▸ Your objective: Pictures stay out of the copy. Transcribe exactly, and only, the line with "Tiger in a forest" through the last line of the entries below.

Pictures with short captions
--- --- ---
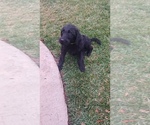 Small Photo #7 Labradoodle Puppy For Sale in NORCO, CA, USA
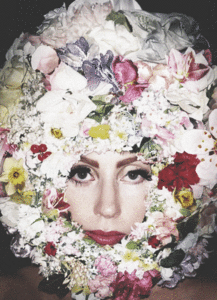Lady Gaga GIF. Muziek Artiesten Lady gaga Gifs Love game 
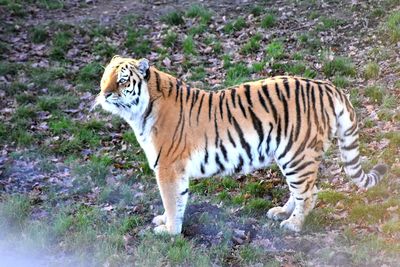 Tiger in a forest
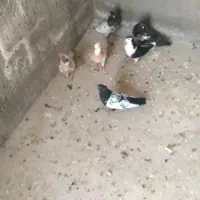 کبوتر پرشی و جفتگاه
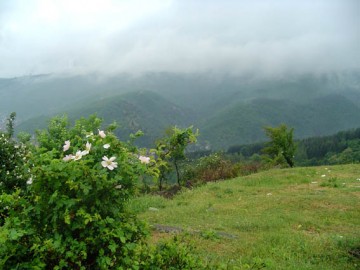 Peshtera Mountains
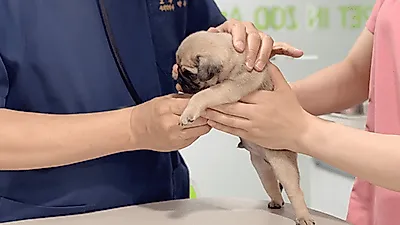 멀티 펫샵 펫인쥬, 의정부 강아지 분양 진행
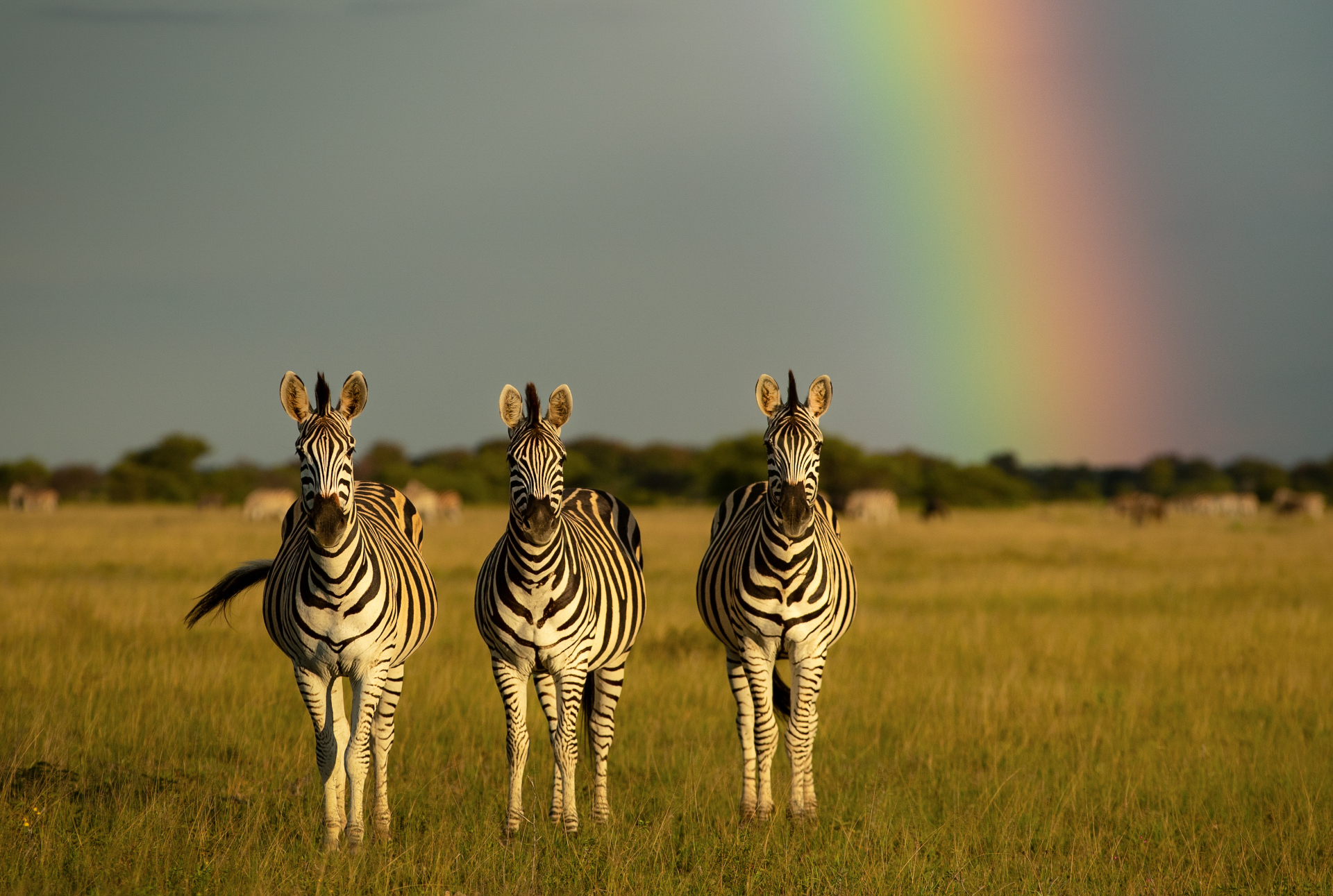 Zebras beneath a rainbow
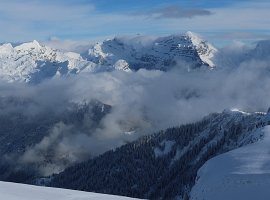IMG_0430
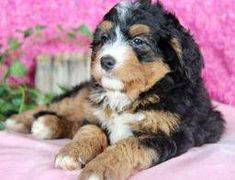 5 week old tricolor bernedoodle puppy with pink flowers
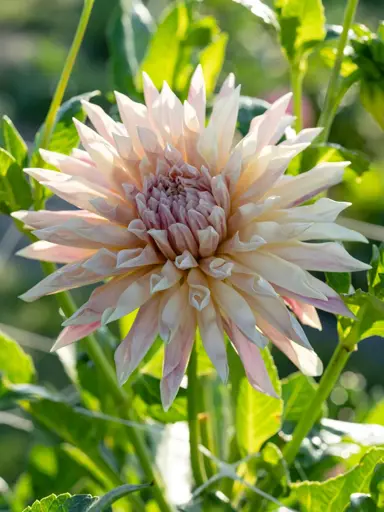 Dahlia 'Café de Paris' plant with stunning, light brown flowers amidst mid-green foliage.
--- --- ---
▸ Exercise result:
 Tiger in a forest
 کبوتر پرشی و جفتگاه
 Peshtera Mountains
 멀티 펫샵 펫인쥬, 의정부 강아지 분양 진행
 Zebras beneath a rainbow
IMG_0430
 5 week old tricolor bernedoodle puppy with pink flowers
 Dahlia 'Café de Paris' plant with stunning, light brown flowers amidst mid-green foliage.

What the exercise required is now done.